REQUIREMENT: Show each line of the entries below in which the word "zdjęcie" appears.
==================================================
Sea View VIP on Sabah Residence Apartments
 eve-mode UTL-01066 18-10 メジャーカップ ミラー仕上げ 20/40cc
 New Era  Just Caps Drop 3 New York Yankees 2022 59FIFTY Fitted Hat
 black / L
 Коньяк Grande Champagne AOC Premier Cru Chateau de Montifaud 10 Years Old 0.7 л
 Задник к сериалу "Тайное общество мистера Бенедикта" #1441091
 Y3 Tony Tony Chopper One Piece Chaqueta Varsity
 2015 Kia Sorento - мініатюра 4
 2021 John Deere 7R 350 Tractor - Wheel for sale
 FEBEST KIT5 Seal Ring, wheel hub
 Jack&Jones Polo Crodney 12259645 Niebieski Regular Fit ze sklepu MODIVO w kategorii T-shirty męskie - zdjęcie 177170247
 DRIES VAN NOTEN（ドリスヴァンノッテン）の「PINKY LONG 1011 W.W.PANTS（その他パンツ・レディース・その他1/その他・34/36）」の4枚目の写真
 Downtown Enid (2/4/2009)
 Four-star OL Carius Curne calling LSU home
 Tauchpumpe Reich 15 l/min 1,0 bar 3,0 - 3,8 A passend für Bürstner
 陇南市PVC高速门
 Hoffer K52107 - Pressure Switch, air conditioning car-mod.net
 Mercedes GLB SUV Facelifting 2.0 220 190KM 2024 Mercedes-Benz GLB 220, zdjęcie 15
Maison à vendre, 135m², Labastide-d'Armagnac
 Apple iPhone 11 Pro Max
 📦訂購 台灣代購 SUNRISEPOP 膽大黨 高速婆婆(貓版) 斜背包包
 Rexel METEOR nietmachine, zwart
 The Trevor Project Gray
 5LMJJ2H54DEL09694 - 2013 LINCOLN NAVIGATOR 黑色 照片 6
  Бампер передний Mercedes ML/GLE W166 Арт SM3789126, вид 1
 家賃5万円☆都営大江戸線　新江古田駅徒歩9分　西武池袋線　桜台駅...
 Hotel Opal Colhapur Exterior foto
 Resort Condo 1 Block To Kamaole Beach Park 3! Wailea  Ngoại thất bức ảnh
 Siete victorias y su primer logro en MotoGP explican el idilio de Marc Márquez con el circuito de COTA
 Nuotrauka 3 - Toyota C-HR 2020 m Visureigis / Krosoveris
==================================================
TASK ANSWER:
 Jack&Jones Polo Crodney 12259645 Niebieski Regular Fit ze sklepu MODIVO w kategorii T-shirty męskie - zdjęcie 177170247
 Mercedes GLB SUV Facelifting 2.0 220 190KM 2024 Mercedes-Benz GLB 220, zdjęcie 15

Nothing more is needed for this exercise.